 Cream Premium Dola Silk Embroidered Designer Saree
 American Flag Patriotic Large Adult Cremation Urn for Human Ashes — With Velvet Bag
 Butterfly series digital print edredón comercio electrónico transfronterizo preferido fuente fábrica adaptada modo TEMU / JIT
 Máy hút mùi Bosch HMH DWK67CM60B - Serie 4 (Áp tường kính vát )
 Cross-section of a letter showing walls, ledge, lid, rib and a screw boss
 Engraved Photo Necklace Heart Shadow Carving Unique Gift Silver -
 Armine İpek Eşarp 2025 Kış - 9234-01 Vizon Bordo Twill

=======

> **GOAL OF THE EXERCISE**: Print the full listing again, word for word.

> **RESULT OF THE EXERCISE**:
 Cream Premium Dola Silk Embroidered Designer Saree
 American Flag Patriotic Large Adult Cremation Urn for Human Ashes — With Velvet Bag
 Butterfly series digital print edredón comercio electrónico transfronterizo preferido fuente fábrica adaptada modo TEMU / JIT
 Máy hút mùi Bosch HMH DWK67CM60B - Serie 4 (Áp tường kính vát )
 Cross-section of a letter showing walls, ledge, lid, rib and a screw boss
 Engraved Photo Necklace Heart Shadow Carving Unique Gift Silver -
 Armine İpek Eşarp 2025 Kış - 9234-01 Vizon Bordo Twill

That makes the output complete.